ビートたけしさんやタモリさん世代の芸人さんが「古い価値観を壊していく」サマに価値観を揺さぶられた青春時代。彼らが次々と時代を変えていくのを目の当たりにする中、その言語化できない衝撃を言葉で整理整頓してくれたのが別役実さんのエッセイです。ぼんやりしたままだった「なんだこれは!」を「そういうことだったのか!」にしてくれた。今の自分の物の考え方やセンスの形成にすごく影響しています。

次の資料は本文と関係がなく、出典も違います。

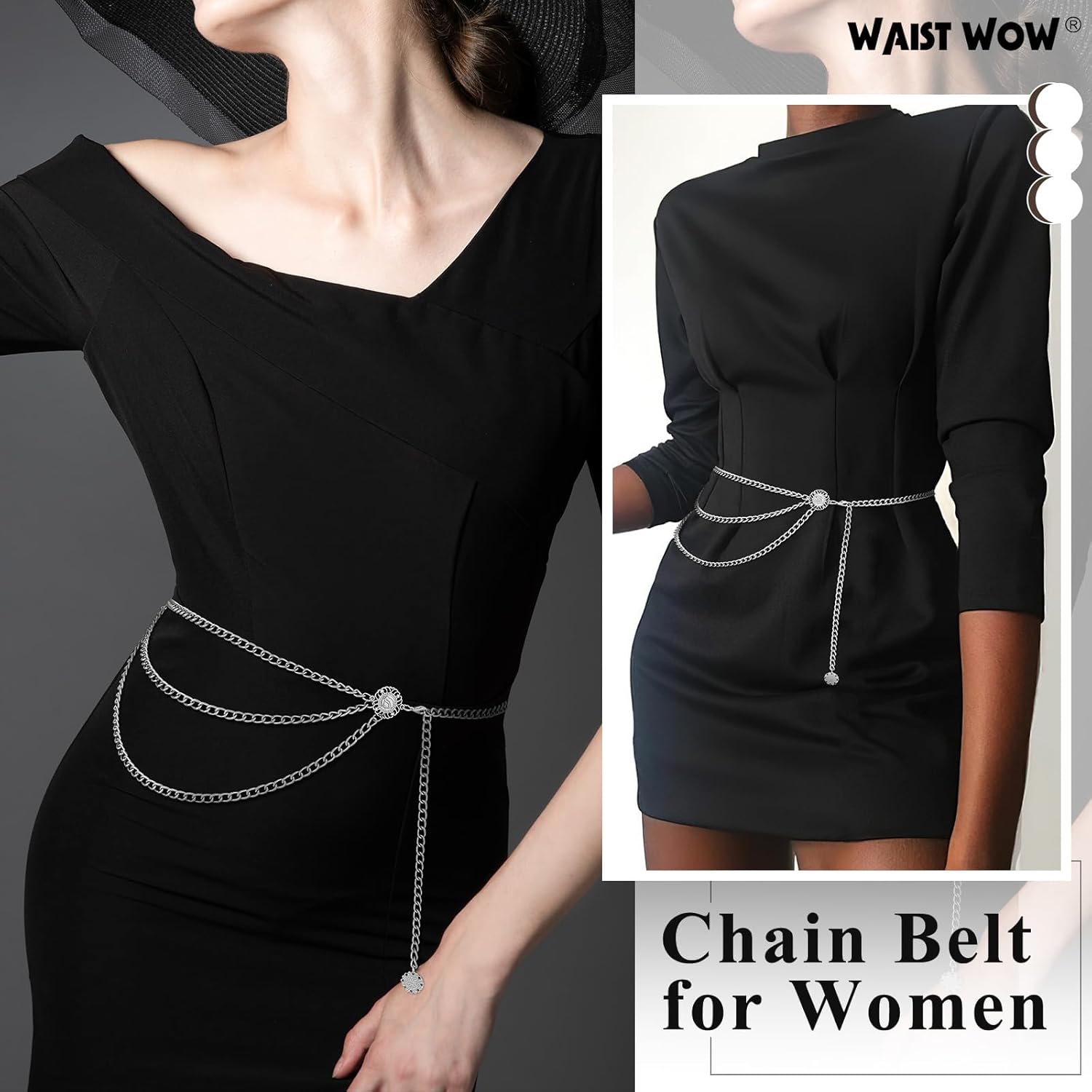 Gold Metal Waist Chain for Women - Adjustable Body Chain with Link Belts for Dress & Jeans - Image 5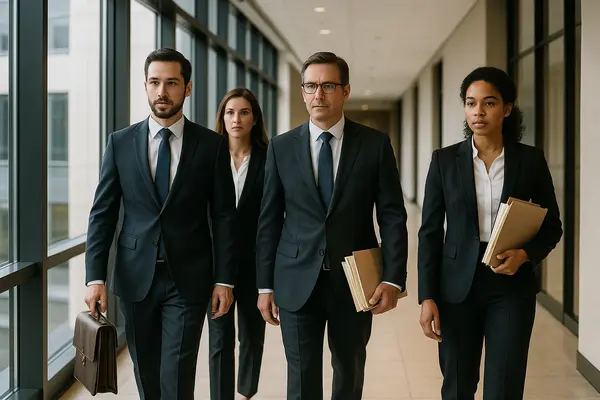 4 lawyers walking down the hall of a building from Lemon Law Attorney San Antonio in San Antonio, TX - gmc lemon law 4 lawyers walking down the hall of a building from Lemon Law Attorney San Antonio in San Antonio, TX - gmc lemon law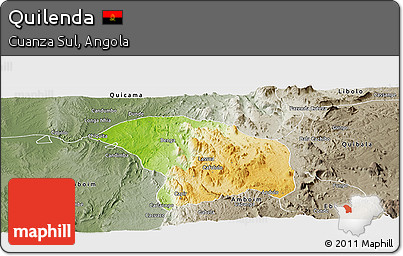Physical Panoramic Map of Quilenda, semi-desaturated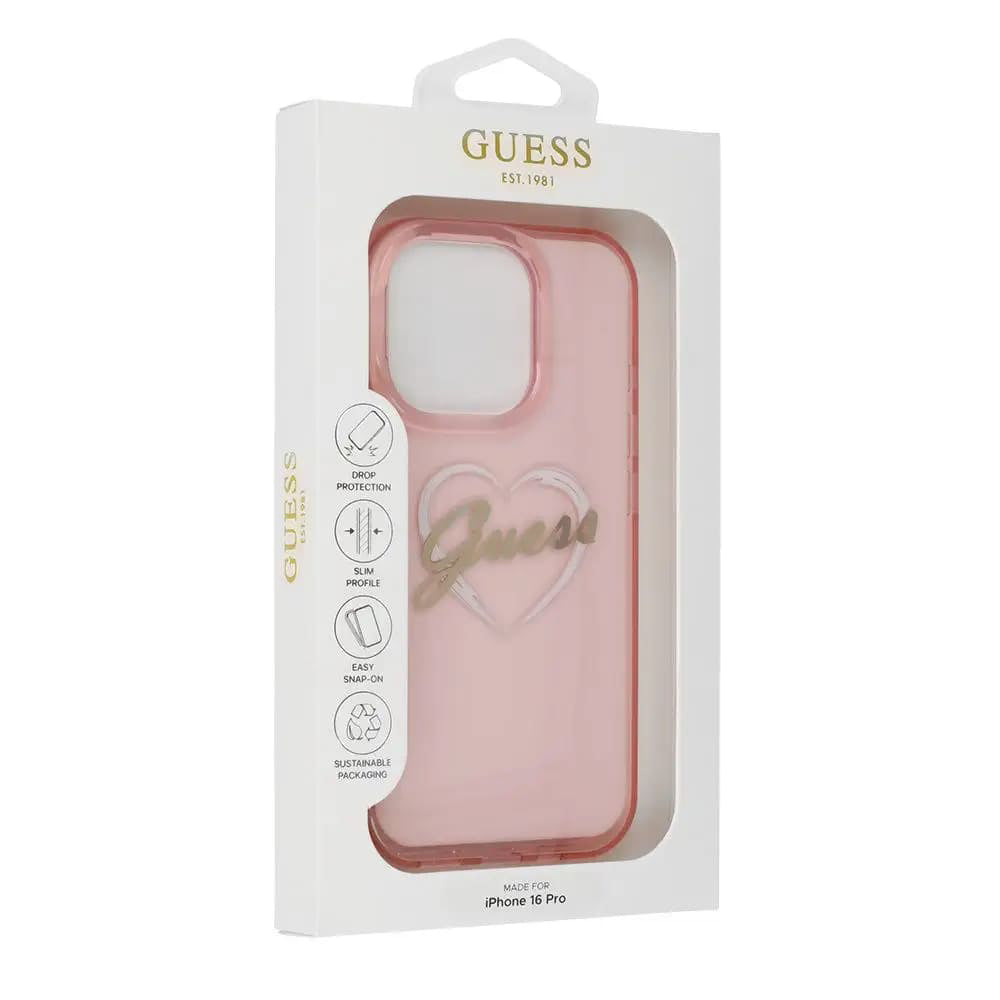 Etui na Apple iPhone 16 Pro, Guess, IML Heart, Różowy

別役さんは人間が常識だと思い抱いている価値観を、ある意味全て疑うような視点を持っていらっしゃるんです。もっと言えば言葉そのものさえも怪しいと思っている。言葉によって物事は区別されるわけですけど、その言葉が与えられたのはたまたまかもしれない。言葉は世界を明確なものにする役割を持つ一方で、言葉で明確にした世界には裏があるかもしれないと疑う……。そうした感覚が身についたのは別役さんの作品に触れたことが大きいです。

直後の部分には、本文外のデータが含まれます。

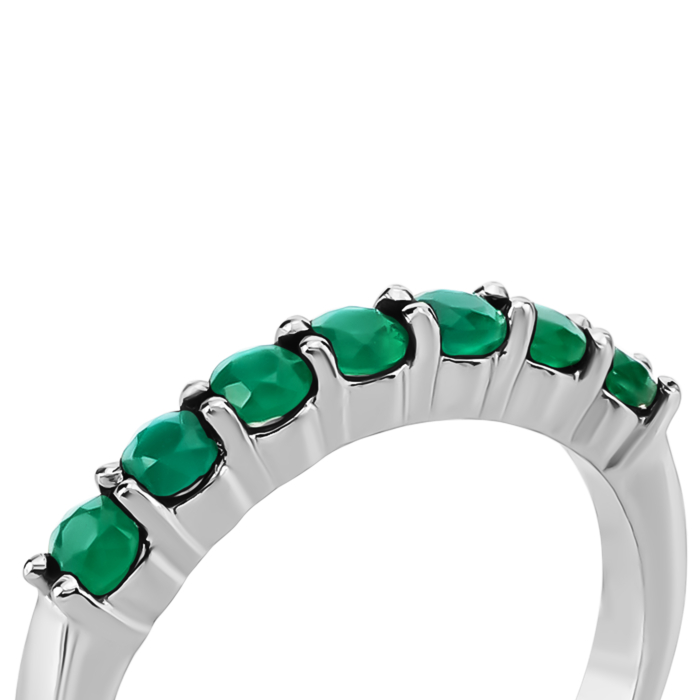 Срібна каблучка з зеленим агатом. Артикул UG51849/1р-GRAG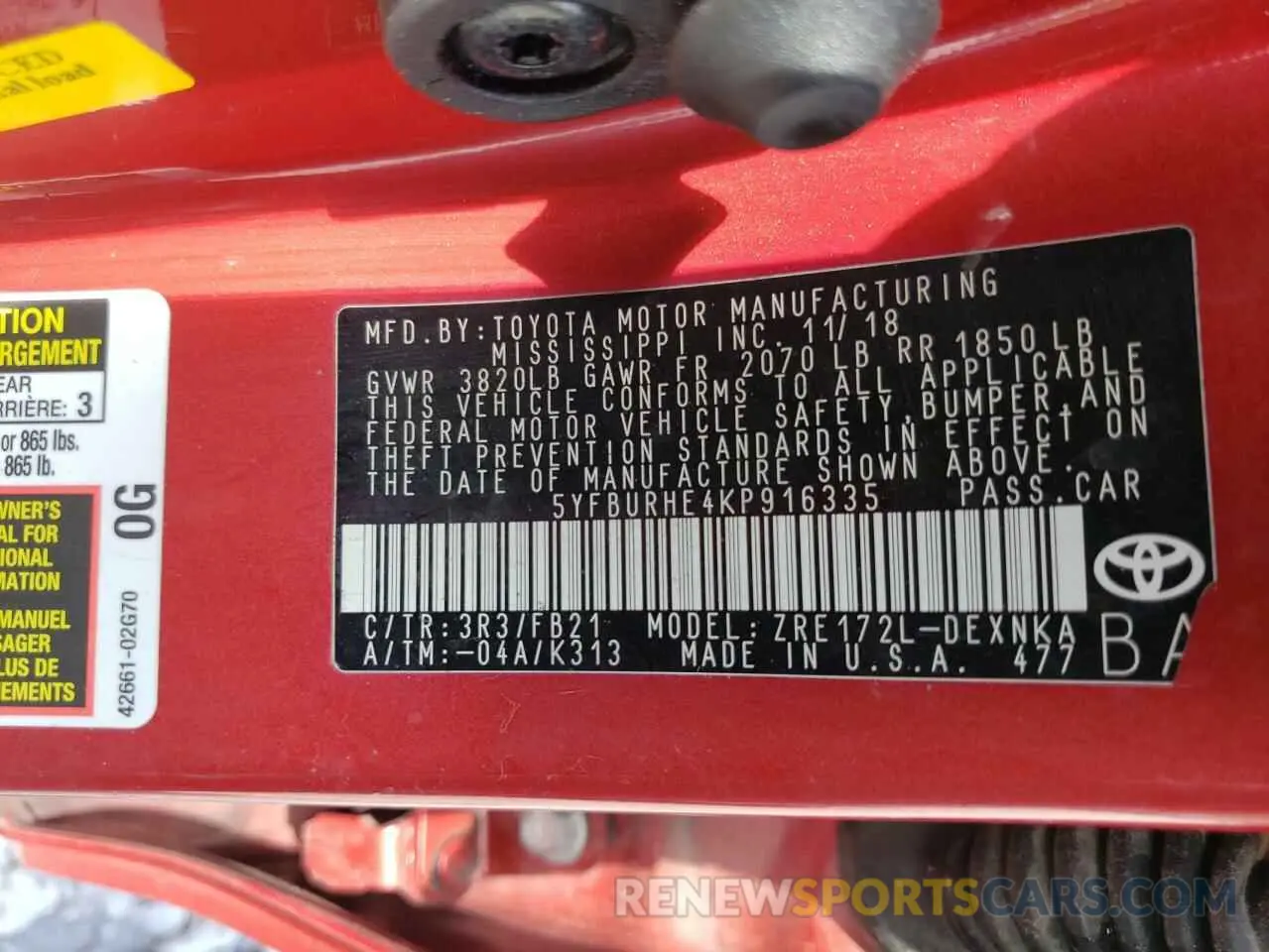 10 fotografías del automóvil dañado 5YFBURHE4KP916335 TOYOTA COROLLA 2019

この『人体カタログ』も、一見医学書のような堅い文体ながら「目や口は危険の際に閉じることができるが、鼻は閉じない。すなわち『先兵』である」みたいなすっとぼけたことが大真面目に書かれている。別役さんの視点を通して見る世界はすごくキラキラしていて、自分の頭の中の新しい扉を開いてくれました。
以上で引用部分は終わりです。